Carr stated this in the July Open FCC Meeting, and he contends that this money will be used once these copper lines are shut off to build out for the new broadband networks

Copper Access lines only cost $45-$50 to maintain a year and shutting them off is not $6 billion in new potential money for investments, but only about $150 million — It is chump change.

That’s right; chump change.

Let us give some basic facts:

1) AT&T claims there are 3.3 million legacy copper lines in the 2024 Annual Report

2) According to the FCC, this represented 5% of the AT&T lines.

3) 66 million lines is the total lines, based on using 3.3 million lines representing 5%.

4) AT&T claimed 9.3 million fiber to the premises lines in service at the end of 2024.

5) 53.4 million lines, which are most likely copper wires, are missing from the details.

§ 50 Million Copper Access Lines Appear to be Missing from the FCC’s Analysis. Who Does It Benefit?

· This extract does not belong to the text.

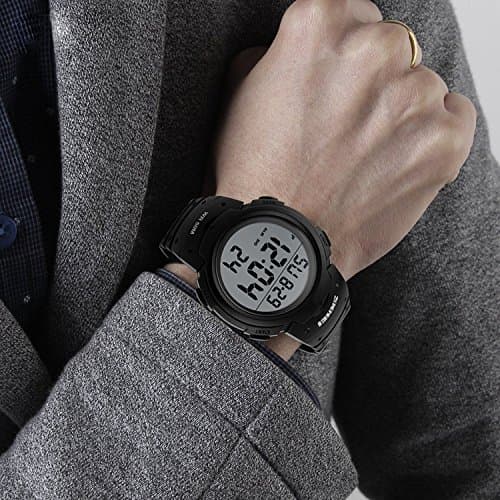 PASOY Unisex Simple Outdoor Sports Watch Big Dial Digital Light Swim Waterproof Rubber Band Alarm Black LED Watches for Mens and Women 50MM — view 3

Why It Matters? Where’s the Audits?

Note: There are various caveats to these numbers, like only counting the ‘consumer’ lines, or lines for voice service vs VoIP or U-verse phone service.

PART 2:

6) If there are 3.3 million copper lines that are being shut off.

7) We use and average of $45-$50 dollars per line per year, which is quoted by the FCC in 2017.

8) This means that the total money that will be garnered for new investment is ==3.3 million times $45–50 dollars.

9) We will use the average rounded of $150 million,

10) $5.85 billion dollars appears to be in question — Annually.

Conclusion: It appears that $5.85 billion dollars is a misrepresentation of the actual expenses as told by the FCC’s own statements in 2017.

Therefore, no deregulatory gifts should have been put into a series of orders as there is no serious new investment if the copper wires are shut off,

And worse, there has been no available data or analysis to support these claims.

PART 3:

  • The 2017 proceeding 17–84, quoted above, is the exact same proceeding in 2025
  • In 2017, Brendan Carr was a FCC Commissioner and in 2025 he is the Chairman
  • This means Chairman Carr must have known the actual expenses per line,
  • Brendan Carr had obligations to request the actual facts from AT&T to prove that the 5% number of remaining copper lines in use was real or that the $6 billion in maintenance was correct — as it directly contradicts the previous accounting of expenses.

And this means that this deceptive set of numbers were used to create a series of deregulatory gifts that are illegitimate as public policies are supposed to be based on material facts that can be verified.

PART 4: Deceptive, as it is not naming names

We need to make clear that in 2017, Ajit Pai claimed that the shut off of the copper would lead to the companies using the excess monies for IP services replacing the legacy “TDM” networks and that fiber to the home would be the next step:

This is what Chairman Pai wore in 2017

“And expediting the copper retirement process could contribute to 26.7 million incremental premises being passed by fiber over a five-year period. Requiring that incumbent LECs forego these potential savings results in opportunity costs and creates a disincentive to broadband investment.”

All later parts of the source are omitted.